A similar pattern is observed on a pixel-wise level. For onshore winds, the pixelwise deviations (most pixels show only a very slight overestimation of less than 1%) are marginal for the German mainland (Figure 4i). The coastal region and the Baltic Sea, present an exception from this with a more pronounced deviation between the downscaled and ERA5 CFs (Figure 4j). These biases are likely inherited from the coarse input data taken from the CMIP6 ensemble, which are known to suffer from inaccuracies at the land-sea transition (Allouche et al., Reference Allouche, Bou-Zeid and Iipponen2023; Cavaleri et al., Reference Cavaleri, Balsamo, Beljaars, Bertotti, Davison, Edwards, Kanehama and Wedi2024). We find a slight underestimation for solar energy (Figure 4k) that is almost uniformly distributed over Germany, indicating a consistent climate model bias. The combined weighted mean of the different energy sources aligns well with the CF time series of ERA5 (Figure 4l).
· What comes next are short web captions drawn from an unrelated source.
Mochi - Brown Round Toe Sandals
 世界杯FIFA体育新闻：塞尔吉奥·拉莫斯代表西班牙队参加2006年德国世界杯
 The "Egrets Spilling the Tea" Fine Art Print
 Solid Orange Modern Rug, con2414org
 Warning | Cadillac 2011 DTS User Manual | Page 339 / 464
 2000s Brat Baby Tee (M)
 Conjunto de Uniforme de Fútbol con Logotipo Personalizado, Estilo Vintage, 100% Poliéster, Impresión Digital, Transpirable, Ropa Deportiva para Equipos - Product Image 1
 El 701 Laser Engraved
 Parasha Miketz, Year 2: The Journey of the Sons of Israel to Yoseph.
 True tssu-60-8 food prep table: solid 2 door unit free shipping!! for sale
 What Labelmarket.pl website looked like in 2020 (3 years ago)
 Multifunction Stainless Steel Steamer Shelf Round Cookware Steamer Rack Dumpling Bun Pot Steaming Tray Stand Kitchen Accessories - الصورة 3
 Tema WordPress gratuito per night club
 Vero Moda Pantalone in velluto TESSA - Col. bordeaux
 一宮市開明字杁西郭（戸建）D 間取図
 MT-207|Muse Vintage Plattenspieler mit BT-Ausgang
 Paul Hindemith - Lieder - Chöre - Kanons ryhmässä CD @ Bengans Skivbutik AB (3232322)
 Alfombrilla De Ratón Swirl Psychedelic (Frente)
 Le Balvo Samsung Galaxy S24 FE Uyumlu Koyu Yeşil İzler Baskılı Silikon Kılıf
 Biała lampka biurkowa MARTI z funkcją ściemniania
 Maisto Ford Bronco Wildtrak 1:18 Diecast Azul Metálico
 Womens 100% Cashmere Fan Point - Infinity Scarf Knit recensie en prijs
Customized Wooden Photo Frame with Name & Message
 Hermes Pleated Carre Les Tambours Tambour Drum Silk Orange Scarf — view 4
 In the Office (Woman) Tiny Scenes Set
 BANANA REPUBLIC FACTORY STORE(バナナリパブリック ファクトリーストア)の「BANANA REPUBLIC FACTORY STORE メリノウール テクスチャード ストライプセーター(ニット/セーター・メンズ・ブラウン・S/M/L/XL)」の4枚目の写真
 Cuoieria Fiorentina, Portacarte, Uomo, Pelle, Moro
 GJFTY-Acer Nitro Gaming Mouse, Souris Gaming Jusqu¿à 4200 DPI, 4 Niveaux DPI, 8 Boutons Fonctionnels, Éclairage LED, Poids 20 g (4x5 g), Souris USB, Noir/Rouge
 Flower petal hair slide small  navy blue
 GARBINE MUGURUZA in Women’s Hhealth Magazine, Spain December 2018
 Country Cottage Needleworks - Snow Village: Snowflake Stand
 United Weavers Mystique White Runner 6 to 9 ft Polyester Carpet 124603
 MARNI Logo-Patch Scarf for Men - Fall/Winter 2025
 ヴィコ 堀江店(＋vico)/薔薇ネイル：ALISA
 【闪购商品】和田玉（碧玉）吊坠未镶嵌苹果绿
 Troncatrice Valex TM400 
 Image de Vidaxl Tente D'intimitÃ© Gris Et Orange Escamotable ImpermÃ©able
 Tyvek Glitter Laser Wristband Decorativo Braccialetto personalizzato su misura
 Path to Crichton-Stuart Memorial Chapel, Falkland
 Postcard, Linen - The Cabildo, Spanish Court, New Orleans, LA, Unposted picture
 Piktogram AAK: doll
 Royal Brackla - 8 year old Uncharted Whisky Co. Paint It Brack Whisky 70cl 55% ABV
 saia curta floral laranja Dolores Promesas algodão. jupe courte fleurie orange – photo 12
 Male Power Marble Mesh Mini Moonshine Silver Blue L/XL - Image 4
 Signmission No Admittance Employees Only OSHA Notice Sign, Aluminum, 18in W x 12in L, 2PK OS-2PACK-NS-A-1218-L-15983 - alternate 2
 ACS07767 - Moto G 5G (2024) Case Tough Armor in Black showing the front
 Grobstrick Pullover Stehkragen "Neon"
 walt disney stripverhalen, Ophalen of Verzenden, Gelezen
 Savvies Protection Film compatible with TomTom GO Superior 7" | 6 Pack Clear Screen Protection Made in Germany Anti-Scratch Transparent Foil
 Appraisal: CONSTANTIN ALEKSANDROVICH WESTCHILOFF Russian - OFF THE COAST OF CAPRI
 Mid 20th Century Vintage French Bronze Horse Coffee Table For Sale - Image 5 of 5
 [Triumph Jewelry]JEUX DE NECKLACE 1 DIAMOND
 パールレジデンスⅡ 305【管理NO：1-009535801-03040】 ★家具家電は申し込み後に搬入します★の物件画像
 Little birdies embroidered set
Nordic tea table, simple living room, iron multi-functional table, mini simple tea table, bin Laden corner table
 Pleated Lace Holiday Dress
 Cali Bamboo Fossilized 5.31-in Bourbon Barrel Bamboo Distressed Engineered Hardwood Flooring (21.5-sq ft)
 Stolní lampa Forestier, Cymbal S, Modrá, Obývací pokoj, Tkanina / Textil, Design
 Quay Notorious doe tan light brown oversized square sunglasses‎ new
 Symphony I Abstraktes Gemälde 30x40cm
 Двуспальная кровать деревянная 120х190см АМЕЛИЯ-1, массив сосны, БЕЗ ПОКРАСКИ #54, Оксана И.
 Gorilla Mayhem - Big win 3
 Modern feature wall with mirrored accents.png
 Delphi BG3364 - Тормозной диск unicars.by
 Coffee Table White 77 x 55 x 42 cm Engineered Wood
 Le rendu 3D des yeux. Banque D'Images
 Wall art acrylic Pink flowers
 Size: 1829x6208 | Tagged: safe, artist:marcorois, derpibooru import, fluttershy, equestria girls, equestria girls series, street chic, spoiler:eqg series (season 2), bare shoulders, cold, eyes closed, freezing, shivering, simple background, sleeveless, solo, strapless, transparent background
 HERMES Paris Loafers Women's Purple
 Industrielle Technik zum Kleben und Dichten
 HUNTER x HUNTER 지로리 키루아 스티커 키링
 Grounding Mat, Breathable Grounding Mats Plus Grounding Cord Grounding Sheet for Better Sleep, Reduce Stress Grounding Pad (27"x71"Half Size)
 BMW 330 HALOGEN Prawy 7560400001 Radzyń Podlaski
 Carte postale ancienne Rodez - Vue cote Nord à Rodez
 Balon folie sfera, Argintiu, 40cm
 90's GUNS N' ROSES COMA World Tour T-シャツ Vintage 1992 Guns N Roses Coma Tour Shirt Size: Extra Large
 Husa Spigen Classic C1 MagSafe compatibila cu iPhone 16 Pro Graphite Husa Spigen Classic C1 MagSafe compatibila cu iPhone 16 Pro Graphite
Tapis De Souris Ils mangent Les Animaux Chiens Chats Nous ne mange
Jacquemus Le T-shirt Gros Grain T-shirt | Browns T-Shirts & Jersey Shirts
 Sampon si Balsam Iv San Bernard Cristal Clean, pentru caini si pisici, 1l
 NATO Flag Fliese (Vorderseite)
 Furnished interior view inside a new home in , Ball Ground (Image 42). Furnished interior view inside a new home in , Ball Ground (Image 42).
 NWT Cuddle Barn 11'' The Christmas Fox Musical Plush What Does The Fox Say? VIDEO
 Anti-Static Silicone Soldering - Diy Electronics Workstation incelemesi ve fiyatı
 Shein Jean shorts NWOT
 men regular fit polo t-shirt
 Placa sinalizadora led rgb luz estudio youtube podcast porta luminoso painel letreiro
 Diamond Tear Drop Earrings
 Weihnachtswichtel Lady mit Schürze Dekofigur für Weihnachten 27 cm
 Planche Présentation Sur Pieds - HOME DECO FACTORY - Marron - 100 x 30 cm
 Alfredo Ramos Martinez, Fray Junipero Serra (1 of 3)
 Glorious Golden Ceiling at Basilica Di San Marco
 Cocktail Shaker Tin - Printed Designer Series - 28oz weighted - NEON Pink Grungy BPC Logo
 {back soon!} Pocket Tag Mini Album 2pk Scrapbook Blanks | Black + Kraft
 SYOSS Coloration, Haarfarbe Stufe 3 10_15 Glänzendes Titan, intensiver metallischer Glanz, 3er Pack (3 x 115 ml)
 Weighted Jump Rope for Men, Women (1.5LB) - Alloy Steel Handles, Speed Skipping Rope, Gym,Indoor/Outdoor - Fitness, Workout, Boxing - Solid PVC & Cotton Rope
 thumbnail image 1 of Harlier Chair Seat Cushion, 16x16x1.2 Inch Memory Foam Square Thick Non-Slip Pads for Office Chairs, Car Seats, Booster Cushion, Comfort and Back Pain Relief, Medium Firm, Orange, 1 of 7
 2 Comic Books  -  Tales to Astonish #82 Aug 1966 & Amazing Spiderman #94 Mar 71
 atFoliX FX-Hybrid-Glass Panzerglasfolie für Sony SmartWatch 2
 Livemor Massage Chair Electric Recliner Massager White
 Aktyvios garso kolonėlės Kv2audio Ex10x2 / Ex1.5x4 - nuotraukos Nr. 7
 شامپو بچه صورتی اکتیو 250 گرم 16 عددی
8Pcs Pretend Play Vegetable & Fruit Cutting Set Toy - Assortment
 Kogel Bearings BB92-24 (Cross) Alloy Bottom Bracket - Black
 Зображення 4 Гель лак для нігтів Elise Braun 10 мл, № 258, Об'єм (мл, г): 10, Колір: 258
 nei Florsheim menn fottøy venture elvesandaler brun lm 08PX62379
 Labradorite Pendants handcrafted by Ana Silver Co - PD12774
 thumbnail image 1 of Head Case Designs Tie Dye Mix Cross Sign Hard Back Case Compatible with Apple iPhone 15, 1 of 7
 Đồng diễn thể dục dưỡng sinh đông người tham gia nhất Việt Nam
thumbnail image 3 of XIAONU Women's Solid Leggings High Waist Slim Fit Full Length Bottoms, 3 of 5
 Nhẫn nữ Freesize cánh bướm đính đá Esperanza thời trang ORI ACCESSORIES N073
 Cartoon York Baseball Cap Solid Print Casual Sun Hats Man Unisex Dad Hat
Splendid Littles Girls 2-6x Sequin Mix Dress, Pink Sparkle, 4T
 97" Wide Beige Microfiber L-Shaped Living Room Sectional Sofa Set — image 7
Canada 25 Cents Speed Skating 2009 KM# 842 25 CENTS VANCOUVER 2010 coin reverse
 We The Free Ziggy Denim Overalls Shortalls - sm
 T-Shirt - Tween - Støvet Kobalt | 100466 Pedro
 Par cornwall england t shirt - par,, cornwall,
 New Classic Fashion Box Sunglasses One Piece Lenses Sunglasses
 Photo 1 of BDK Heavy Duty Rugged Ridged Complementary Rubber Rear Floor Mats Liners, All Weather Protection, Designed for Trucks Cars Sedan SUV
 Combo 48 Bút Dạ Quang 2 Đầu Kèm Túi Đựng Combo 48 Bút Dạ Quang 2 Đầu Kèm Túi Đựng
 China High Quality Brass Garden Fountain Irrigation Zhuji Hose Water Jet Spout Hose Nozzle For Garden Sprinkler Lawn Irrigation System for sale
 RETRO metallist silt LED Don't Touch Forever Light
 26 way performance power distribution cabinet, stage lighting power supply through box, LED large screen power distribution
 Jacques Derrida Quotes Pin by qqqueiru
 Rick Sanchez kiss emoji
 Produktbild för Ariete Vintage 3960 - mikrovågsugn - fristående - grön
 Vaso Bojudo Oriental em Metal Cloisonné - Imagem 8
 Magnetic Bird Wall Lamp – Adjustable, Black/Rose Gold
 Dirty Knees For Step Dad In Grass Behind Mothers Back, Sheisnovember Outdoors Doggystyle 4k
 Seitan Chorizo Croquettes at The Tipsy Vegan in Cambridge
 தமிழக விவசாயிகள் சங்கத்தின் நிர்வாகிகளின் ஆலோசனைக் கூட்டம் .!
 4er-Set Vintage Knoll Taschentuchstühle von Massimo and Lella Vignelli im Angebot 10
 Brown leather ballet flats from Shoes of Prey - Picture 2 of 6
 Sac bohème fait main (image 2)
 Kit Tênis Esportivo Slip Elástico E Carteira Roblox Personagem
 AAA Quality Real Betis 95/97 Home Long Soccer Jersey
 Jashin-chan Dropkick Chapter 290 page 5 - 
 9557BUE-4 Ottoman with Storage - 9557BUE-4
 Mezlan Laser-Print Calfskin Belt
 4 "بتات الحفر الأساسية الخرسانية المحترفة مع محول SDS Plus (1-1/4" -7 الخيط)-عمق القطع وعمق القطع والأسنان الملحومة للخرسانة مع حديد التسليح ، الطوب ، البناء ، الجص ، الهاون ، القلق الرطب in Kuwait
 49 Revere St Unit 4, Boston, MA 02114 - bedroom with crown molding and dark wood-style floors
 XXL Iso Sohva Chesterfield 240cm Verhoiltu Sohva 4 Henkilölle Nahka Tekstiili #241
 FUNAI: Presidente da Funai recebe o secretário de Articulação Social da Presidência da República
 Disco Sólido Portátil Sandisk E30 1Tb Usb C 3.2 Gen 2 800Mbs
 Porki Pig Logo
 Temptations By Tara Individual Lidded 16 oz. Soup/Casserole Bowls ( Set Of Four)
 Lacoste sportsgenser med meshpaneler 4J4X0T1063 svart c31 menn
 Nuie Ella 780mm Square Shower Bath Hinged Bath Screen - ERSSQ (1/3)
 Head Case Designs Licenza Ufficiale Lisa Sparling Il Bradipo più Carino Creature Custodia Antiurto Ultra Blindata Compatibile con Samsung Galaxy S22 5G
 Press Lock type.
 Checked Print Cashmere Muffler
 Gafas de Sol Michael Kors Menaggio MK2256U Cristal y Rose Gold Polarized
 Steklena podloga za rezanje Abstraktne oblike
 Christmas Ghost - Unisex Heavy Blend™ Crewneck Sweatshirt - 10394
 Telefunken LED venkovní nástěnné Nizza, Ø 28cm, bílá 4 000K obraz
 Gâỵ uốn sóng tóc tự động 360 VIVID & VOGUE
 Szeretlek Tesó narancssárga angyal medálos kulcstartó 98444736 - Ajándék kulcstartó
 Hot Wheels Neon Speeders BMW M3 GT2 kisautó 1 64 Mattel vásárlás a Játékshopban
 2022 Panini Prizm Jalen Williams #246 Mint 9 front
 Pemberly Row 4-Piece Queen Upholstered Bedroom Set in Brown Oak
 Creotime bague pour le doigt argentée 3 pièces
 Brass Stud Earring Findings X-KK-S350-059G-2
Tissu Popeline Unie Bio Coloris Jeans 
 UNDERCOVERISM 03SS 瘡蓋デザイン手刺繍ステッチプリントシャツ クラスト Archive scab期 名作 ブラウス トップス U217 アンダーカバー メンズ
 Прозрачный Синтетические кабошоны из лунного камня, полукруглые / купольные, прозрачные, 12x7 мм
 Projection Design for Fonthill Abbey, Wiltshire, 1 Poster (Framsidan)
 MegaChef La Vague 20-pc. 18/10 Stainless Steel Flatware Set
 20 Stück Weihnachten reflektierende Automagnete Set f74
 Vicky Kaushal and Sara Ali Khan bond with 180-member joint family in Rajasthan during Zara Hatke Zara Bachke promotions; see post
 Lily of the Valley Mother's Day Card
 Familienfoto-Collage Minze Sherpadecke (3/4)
3.2. Historical and future projections of Dunkelflaute events
We first evaluate how well the downscaled CMIP6 data can reproduce the historical record (1980–2014) of occurrences of Dunkelflaute events in Germany using the capacity factor time series (Figure 5a) (see Section 2). For this purpose, the number of events per year is shown as a rolling average over a 10-year window to estimate decadal trends. The downscaled CMIP6 simulations show variability and a range of annual Dunkelflaute occurrences comparable to those in the ERA5 historical record. None of the models exhibit a statistically significant trend (using a Student’s t-test with a 0.05 significance level), nor does data from ERA5. The ensemble mean from 2000 on is very well aligned with the ERA5 data. We observe different behavior of single models compared to ERA5. While data from CANESM5 has a consistent decrease, but with permanently around 1 event per year less than ERA5, MPI-ESM1–2-HR shows an increase over the historical record. GFDL-ESM4 and MIROC6 show some decadal fluctuations, while IPSL-CM6A-LR is roughly stable. The historical ERA5 record lies within the decadal variability of the model ensemble, indicating that the simulations provide plausible scenarios for past Dunkelflaute events. We further look at the distribution of days per event in the historical record (Figure 5d) and find that the downscaled CMIP6 data show a comparable distribution of event durations as the ERA5 data, with a slight overestimation for the IPSL-CM6A-LR model in the duration length.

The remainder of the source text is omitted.